The remaining sections of the Bill contain provisions that are standard in legislation. Section 24 provides for the laying of regulations or orders under this Bill, when enacted, before each House of the Oireachtas. Section 25 provides that the expenses incurred by the Minister in the administration of the Bill shall be paid out of moneys provided by the Oireachtas to such an extent as may be sanctioned by the Minister for Finance. Section 26 contains standard provisions relating to the Short Title of the Bill and provision for collective citation, etc., of the Acts amended by it.
This concludes my introduction of the provisions of the Bill and I look forward to hearing the contributions of Members. I commend this Bill to the House.
I also wish to express my sincere thanks for comments made earlier in the House. Senators O'Dowd, Coghlan, Liam Fitzgerald and others made complimentary remarks about the outcome of the recent discussions on the OSPAR Convention on the marine environment and the substantial achievement that emanated from those discussions. I appreciate the support that has been forthcoming from and the consensus that has emerged over the past year among colleagues in this House, such as Senator O'Dowd, and the other House. I have no difficulty acknowledging that and it has been the main plank in the hugely elevated campaign that is now ongoing against Sellafield.

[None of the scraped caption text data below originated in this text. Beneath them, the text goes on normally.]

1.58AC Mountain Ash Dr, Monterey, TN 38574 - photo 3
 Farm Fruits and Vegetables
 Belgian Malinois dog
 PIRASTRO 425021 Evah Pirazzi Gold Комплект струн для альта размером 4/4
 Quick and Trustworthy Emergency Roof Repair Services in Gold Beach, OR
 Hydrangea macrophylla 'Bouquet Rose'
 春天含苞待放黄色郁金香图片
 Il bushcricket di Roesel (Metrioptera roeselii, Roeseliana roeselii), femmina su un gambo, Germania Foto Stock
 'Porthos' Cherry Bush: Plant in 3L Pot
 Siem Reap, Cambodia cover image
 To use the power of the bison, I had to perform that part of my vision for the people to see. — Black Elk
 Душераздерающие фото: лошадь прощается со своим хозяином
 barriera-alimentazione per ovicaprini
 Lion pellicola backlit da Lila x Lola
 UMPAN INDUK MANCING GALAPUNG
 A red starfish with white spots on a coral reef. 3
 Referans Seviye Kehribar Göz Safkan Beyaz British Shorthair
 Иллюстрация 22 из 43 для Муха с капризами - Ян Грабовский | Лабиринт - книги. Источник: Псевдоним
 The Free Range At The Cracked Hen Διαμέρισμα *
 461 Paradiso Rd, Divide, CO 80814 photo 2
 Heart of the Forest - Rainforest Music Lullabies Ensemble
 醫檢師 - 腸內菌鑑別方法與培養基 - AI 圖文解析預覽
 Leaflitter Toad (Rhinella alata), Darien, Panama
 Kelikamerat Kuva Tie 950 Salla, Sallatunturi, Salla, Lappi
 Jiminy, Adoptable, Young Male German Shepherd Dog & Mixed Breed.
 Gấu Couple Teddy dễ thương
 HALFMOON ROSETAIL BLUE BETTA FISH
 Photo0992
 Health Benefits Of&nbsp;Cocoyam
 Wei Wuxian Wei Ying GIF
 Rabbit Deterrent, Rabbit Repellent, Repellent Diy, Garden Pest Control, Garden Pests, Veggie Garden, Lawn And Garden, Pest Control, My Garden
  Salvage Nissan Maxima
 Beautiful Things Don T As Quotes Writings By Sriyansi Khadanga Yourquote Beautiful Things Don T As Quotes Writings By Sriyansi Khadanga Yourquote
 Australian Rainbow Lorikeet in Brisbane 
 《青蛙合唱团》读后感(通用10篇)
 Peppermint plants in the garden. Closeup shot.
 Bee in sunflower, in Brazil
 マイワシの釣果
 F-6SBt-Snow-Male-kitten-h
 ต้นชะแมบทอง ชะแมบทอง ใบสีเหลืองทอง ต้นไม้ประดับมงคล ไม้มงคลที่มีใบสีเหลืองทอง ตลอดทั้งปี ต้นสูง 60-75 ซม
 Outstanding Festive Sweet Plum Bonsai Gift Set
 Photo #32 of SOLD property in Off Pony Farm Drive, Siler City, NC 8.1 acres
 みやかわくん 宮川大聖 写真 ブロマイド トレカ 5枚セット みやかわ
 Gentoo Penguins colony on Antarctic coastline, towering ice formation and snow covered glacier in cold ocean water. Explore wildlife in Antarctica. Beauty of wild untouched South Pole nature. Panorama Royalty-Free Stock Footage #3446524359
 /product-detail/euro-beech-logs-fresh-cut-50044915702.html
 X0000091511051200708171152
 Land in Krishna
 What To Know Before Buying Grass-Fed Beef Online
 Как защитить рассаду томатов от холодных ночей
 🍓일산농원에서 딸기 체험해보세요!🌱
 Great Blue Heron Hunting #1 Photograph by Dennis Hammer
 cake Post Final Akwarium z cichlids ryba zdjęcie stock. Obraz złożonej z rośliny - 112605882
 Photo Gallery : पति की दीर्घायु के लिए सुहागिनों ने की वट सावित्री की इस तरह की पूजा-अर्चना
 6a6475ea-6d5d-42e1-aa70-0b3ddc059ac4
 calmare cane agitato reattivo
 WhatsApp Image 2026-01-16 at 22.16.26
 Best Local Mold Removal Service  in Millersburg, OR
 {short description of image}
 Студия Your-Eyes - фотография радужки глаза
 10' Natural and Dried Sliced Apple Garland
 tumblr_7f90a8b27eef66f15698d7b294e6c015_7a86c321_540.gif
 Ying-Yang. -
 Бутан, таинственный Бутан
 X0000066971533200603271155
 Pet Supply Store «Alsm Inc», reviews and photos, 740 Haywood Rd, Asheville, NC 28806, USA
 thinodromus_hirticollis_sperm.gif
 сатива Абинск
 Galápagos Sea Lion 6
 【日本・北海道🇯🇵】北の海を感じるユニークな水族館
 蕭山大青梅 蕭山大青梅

Senator Quinn had some concerns and I wish to explain the position to him. He asked why I was not present and he suggested that there may have been a good reason for my absence. There was a good reason and I favoured a ministerial segment in this important session of the OSPAR commission. I spoke with the Danish Minister when he visited me in Dublin to that effect. I also travelled to meet and speak to all the Ministers in the Nordic countries in an effort to gain support for our motion. However, it was decided to stick to the rules and protocol attached to the OSPAR commission and to leave the matter at official level. We maintained a hot line to our officials throughout the four days of negotiations. Massive preparatory work was done. I travelled to meet all the Minister in the OSPAR signatory states to try personally to bring them along.
Senator Quinn said it was a pity that our draft decision did not reach the floor. However, it reached the floor and it was there up to the final moments. Ireland took a strong line in the negotiations and the potent and tough Irish motion and the Danish motion were catalytic in creating a revised motion that was signed by eight countries, including Germany, which was significant. Another four countries were eventually brought along. A total of 12 countries, a qualified majority, demanded, in effect, the cessation of reprocessing of nuclear material in Sellafield and elsewhere.
It is a huge move forward and an escalation of the campaign against Sellafield. Today's newspapers positively reflect that situation. I again offer my sincere thanks to Senator O'Dowd and others with whom I am happy to work hand in hand over the coming period. I thank the Chair for its co-operation and indulgence in allowing me to make these points.